» ACTION ITEM: Reproduce verbatim all of the data given below, but do not carry over the images.

» DATA TO PROCESS:
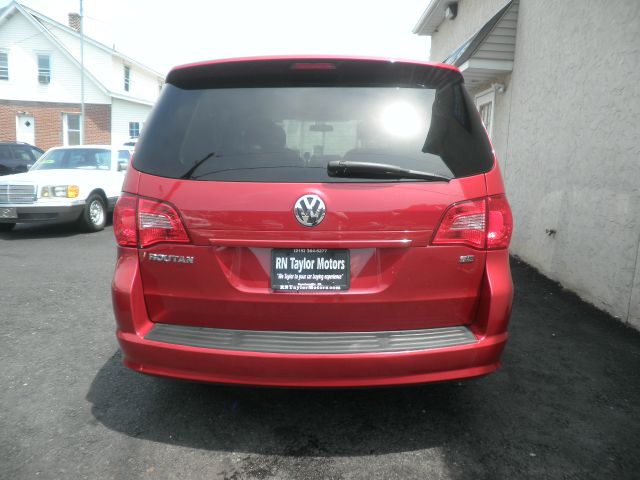 2009 Volkswagen Routan SE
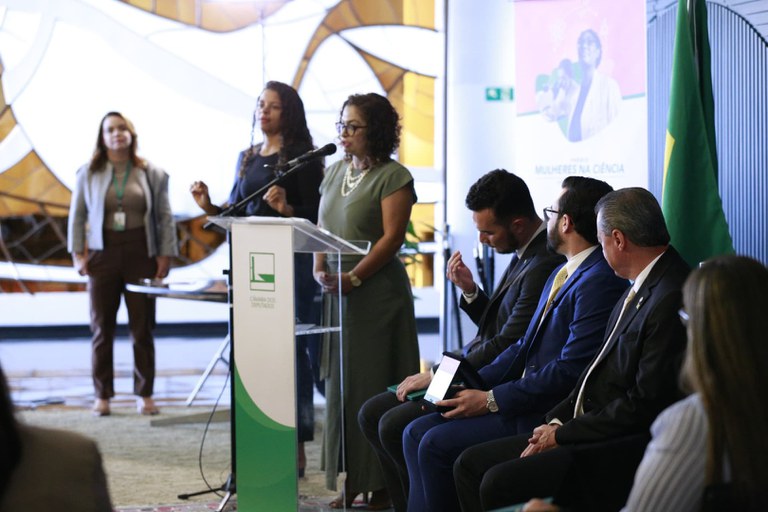 Premio camara  (1).jpeg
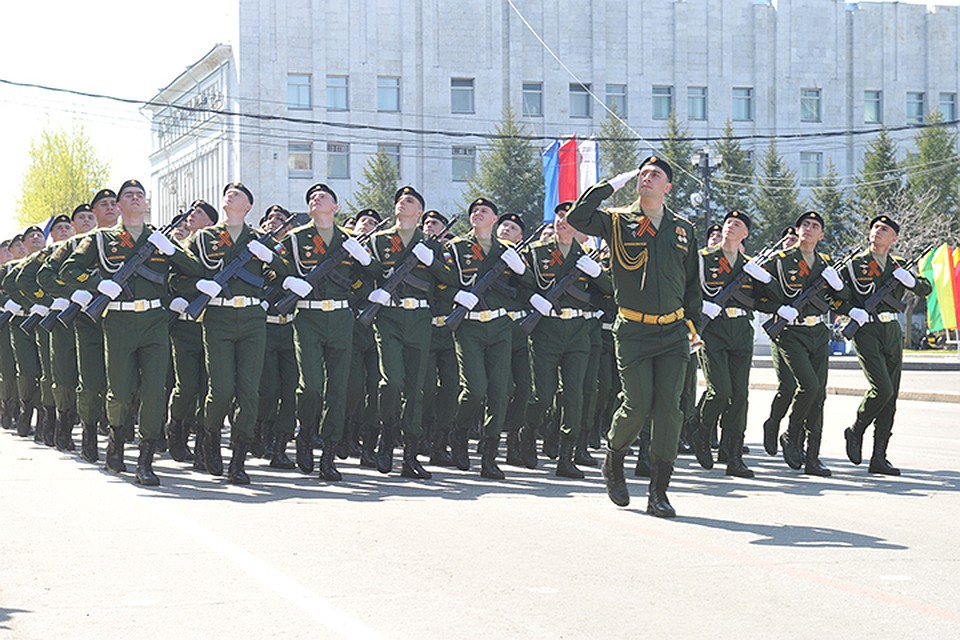 Парад Победы 2018 в Хабаровске: Новая техника, стройные «коробки» и воспоминания ветеранов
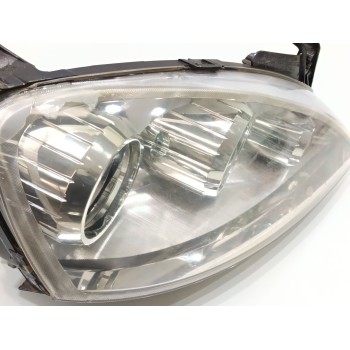 Recambio de faro derecho para opel corsa c first referencia OEM IAM 13237262  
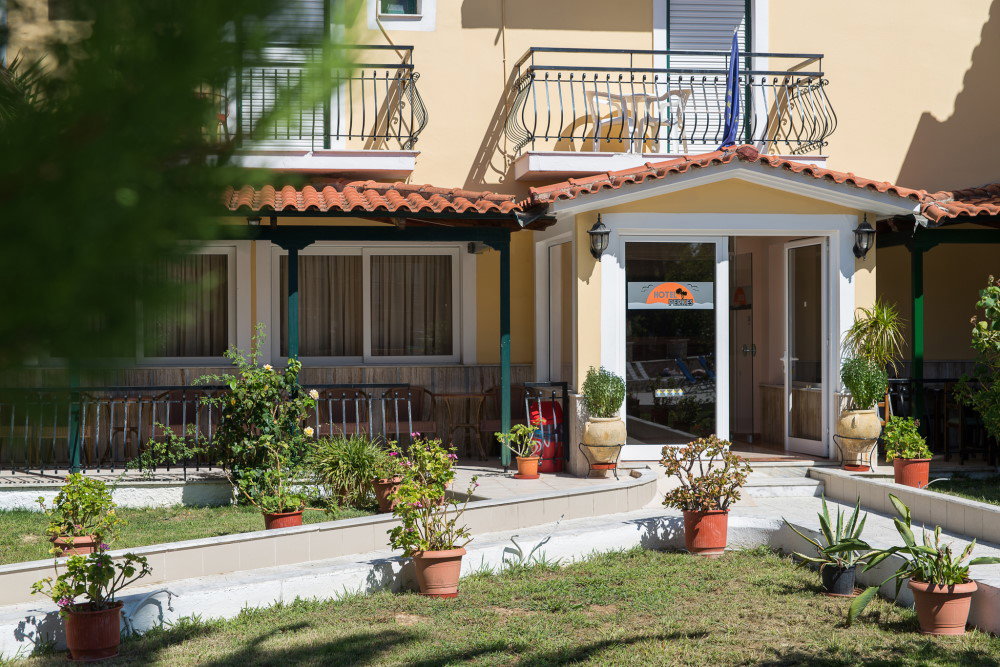dal travel Perkes Hotel Complex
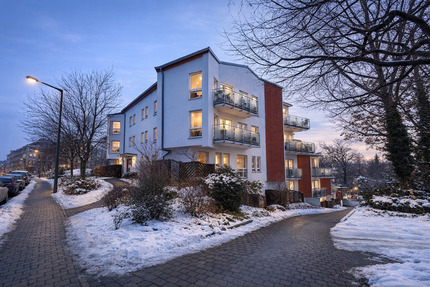 Großzügige, möblierte 4-Zimmer-Wohnung mit zwei Balkonen, Terrasse und Stellplatz - Leipzig Möckern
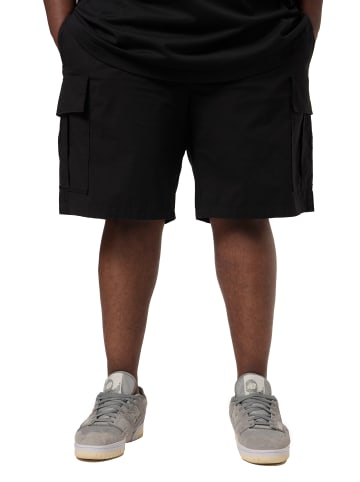 STHUGE Bermuda in schwarz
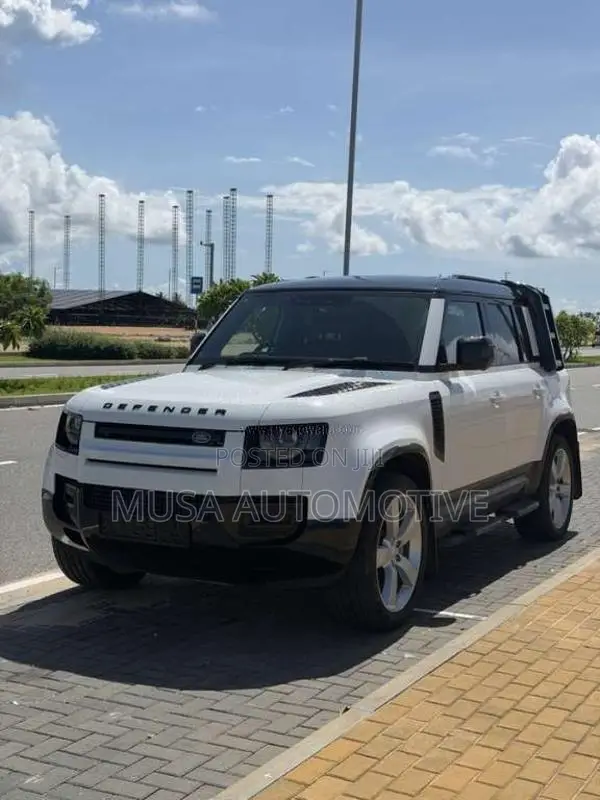 Land-Rover Defender 2025 SUV (Used)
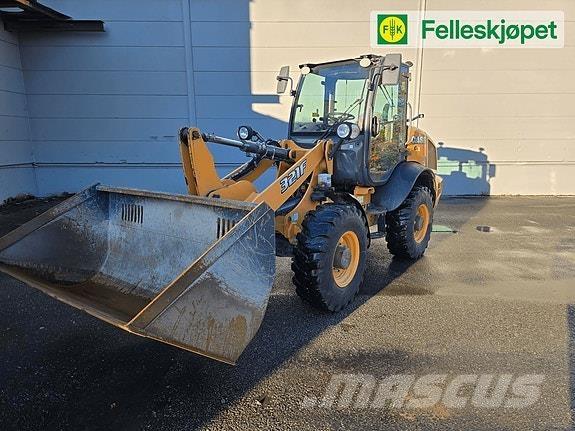 CASE 321f Rataslaadurid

» ANSWER AREA:
 2009 Volkswagen Routan SE
 Premio camara  (1).jpeg
 Парад Победы 2018 в Хабаровске: Новая техника, стройные «коробки» и воспоминания ветеранов
 Recambio de faro derecho para opel corsa c first referencia OEM IAM 13237262  
dal travel Perkes Hotel Complex
 Großzügige, möblierte 4-Zimmer-Wohnung mit zwei Balkonen, Terrasse und Stellplatz - Leipzig Möckern
 STHUGE Bermuda in schwarz
 Land-Rover Defender 2025 SUV (Used)
 CASE 321f Rataslaadurid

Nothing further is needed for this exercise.